In at least four prior tips (here, here, here, and here), these tips demonstrated different approaches to displaying SQL Server data with the Matplotlib library. These prior tips mainly demonstrate different approaches to creating, displaying, and saving charts for datasets from SQL Server; the focus was nearly always on one chart per dataset.
This MSSQLTips.com article goes beyond prior ones in that its focus is to introduce techniques for displaying multiple charts. When displaying multiple charts in a figure, you will need two or more subplot containers in a figure object. Within each subplot is a single chart.
This tip primarily focuses on figure objects comprised of subplots containing line charts, but some examples also show scatter and bar charts. Line charts are particularly well suited for showing how a collection of data values change over time. Scatter and bar charts are better suited for revealing relationships and differences with categorical data, such as showing the differences between several different data science models or data sources.
The tutorial technique for this tip is to present a Python script, explain how the code works, and then show the figure with its corresponding charts. Some script examples are very similar so that the tip sometimes presents slightly different, but hopefully highly informative, variations on a common theme for showing multiple charts in one figure. Another tutorial technique is to have one script with two key lines that perform complementary functions. The script in the article shows with one line uncommented and the other line commented. Figures are presented and described with each of the two key lines uncommented.
Creating a vertically stacked set of line charts
The first example is for two vertically stacked subplots in a figure. The figure shows average monthly closing prices by month for a securities ticker, namely SOXL. The top subplot is for data from 2020, and the bottom subplot is for data from 2021.
This example starts with a SQL script for pulling the source data for the dataset for each year and month from a SQL Server table. The results set from the SQL script are manually copied to a Python script for building and displaying the figure with two subplots.
The following screenshot shows the SQL script and its results set for the example chart set in this section.

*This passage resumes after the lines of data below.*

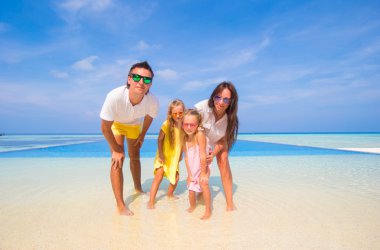 Dört yaz tatil tropikal sırasında güzel aile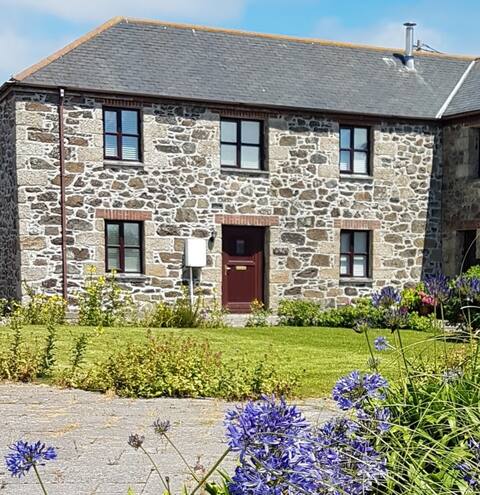 Bass Cottage, Lizard Village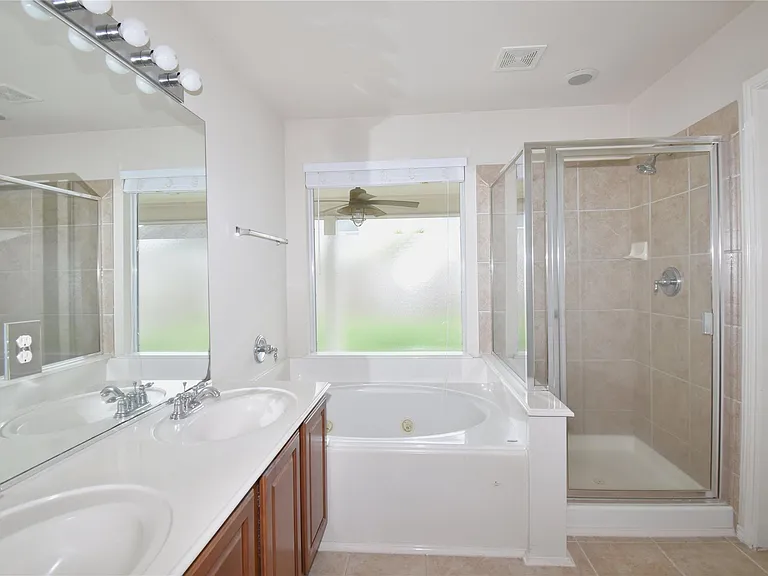30315 Castle Forest Dr — Photo 14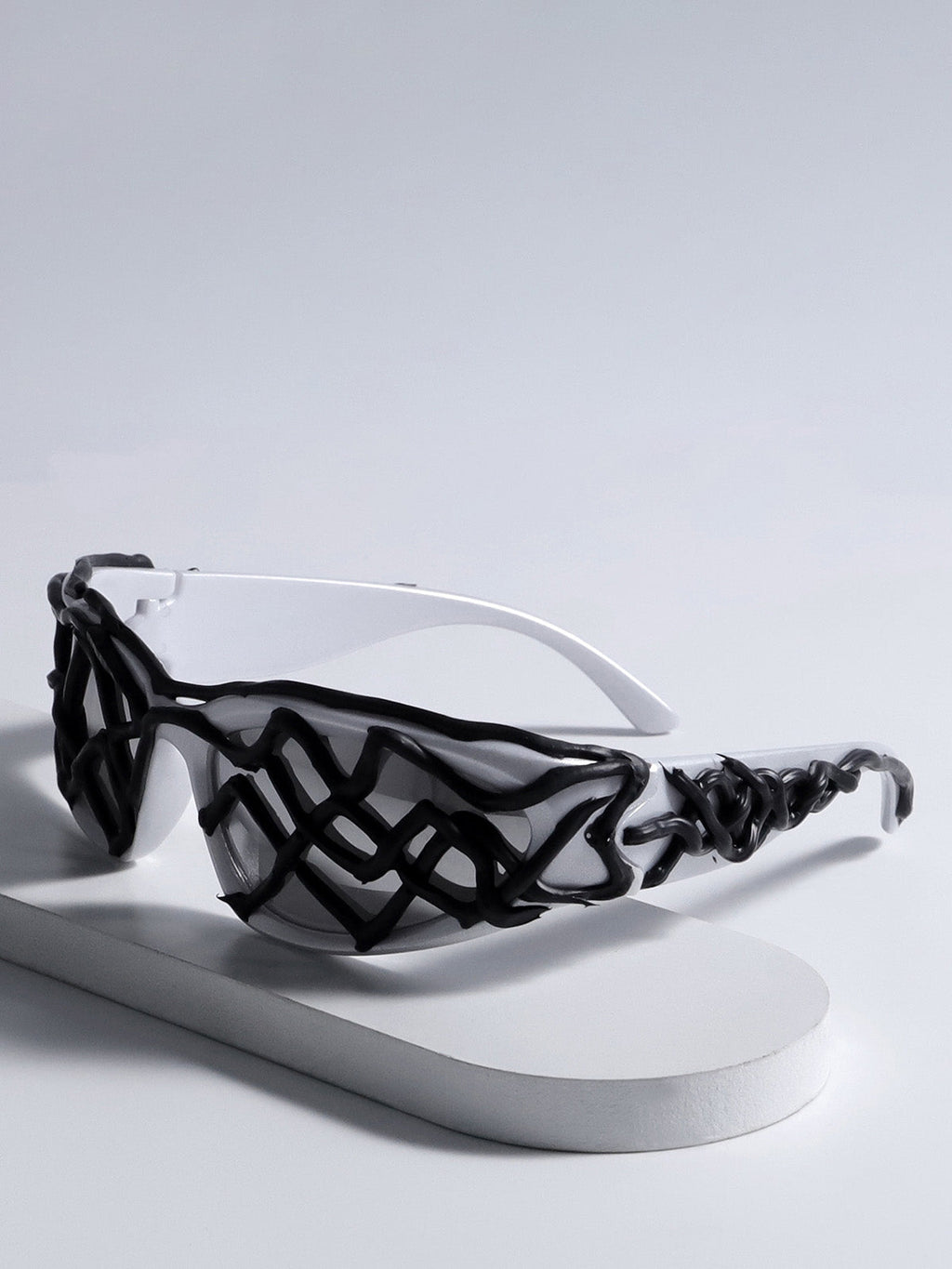 Futuristic Wavy Frame Sunglasses 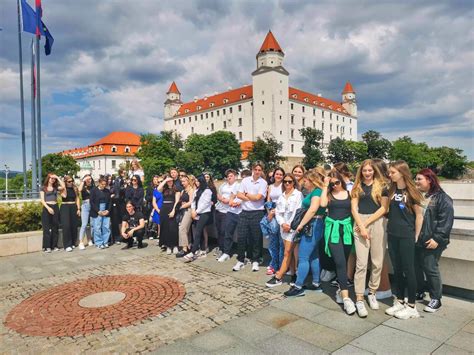 študenti oslavujúci úspech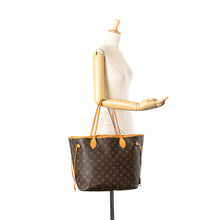 Louis Vuitton | Pre-Owned Monogram Neverfull MM | Brown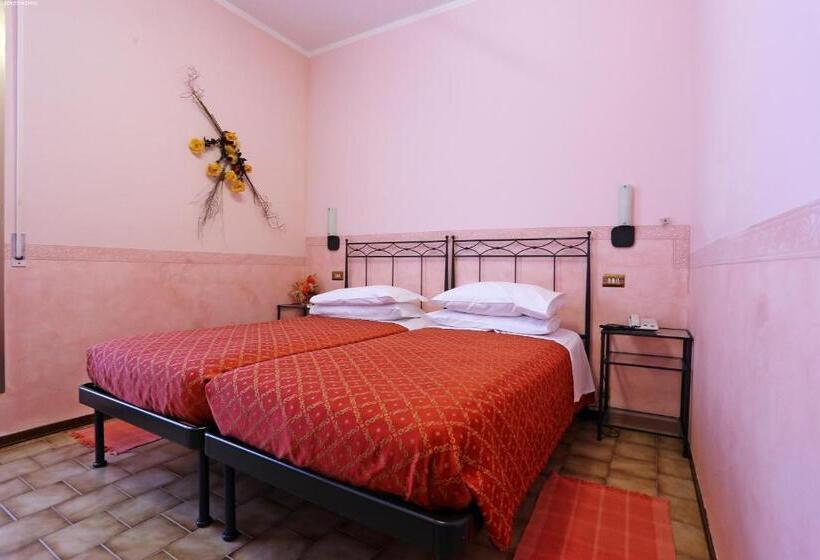 בית מלון כפרי Astoria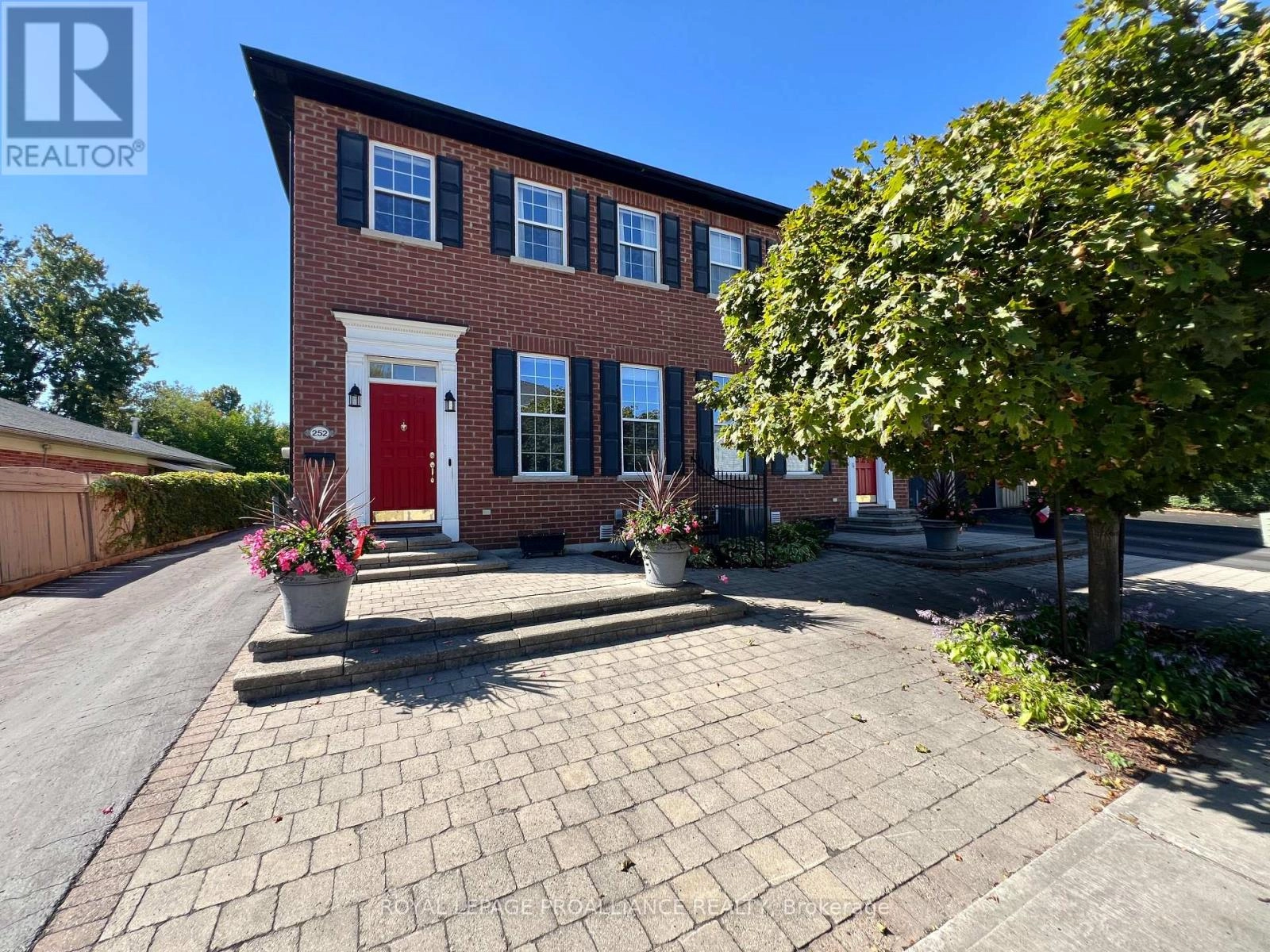 252 William Street, Belleville, Ontario  K8N 3K3 - Photo 1 - X12441335
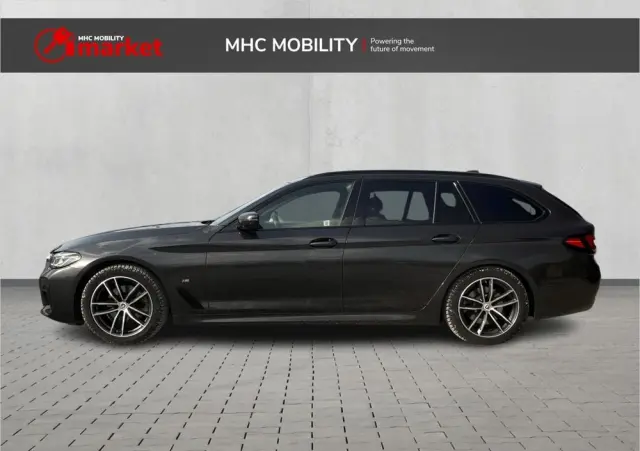 BMW Seria 5 520d xDrive mHEV M Sport sport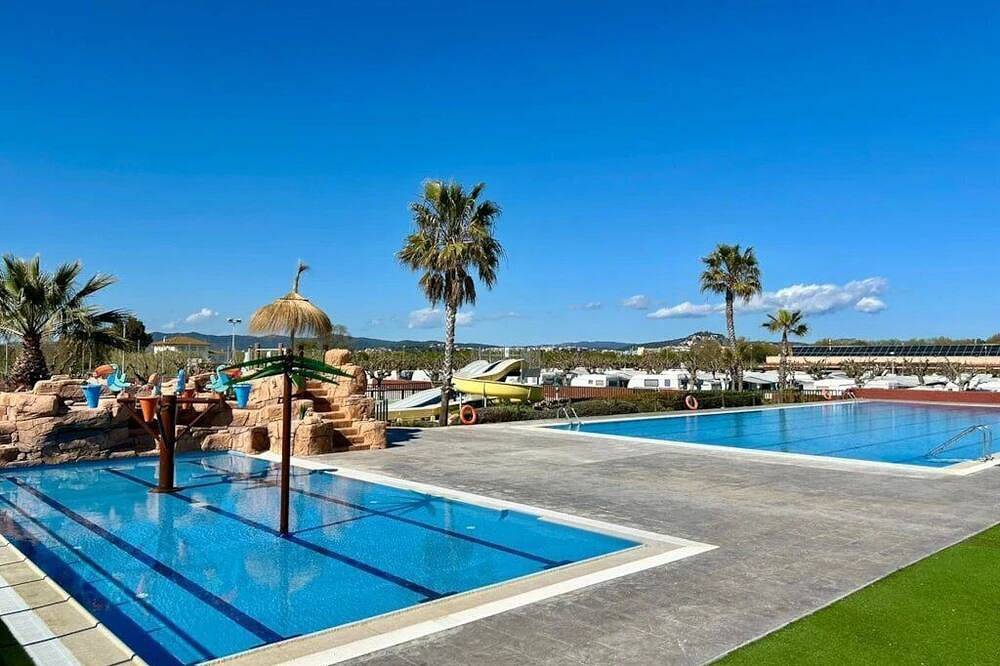 Zecamping 3* familial piscine club enfant animaux acceptés animations in Malgrat de Mar, Costa del Maresme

- The from clause specifies the yahoo_finance_ohlcv_values_with_symbol table in the dbo schema of the DataScience database. This table contains daily trading date close prices for many securities symbols.
- The select clause
includes three fields from the source table in the results set.
- The year and month columns are from source table fields.
- The close column is a computed field. It contains the average close price for each month within each year.
- The where clause indicates that results are just for the rows with a ticker symbol value of SOXL.
- The group by clause indicates that average close prices are computed by year and month.
- The order by clause ensures the results set is ordered by month within year.
The next screenshot shows a Python script for the figure presented in this section. The script appears in an IDLE window. IDLE is an integrated development environment for Python that ships with the version of Python that you can download from Python.org. SQL developers can think of IDLE for Python in the same way they think of SSMS for TSQL. The top border of the IDLE window shows the Python file name and file path along with the version of Python being used (3.10.4).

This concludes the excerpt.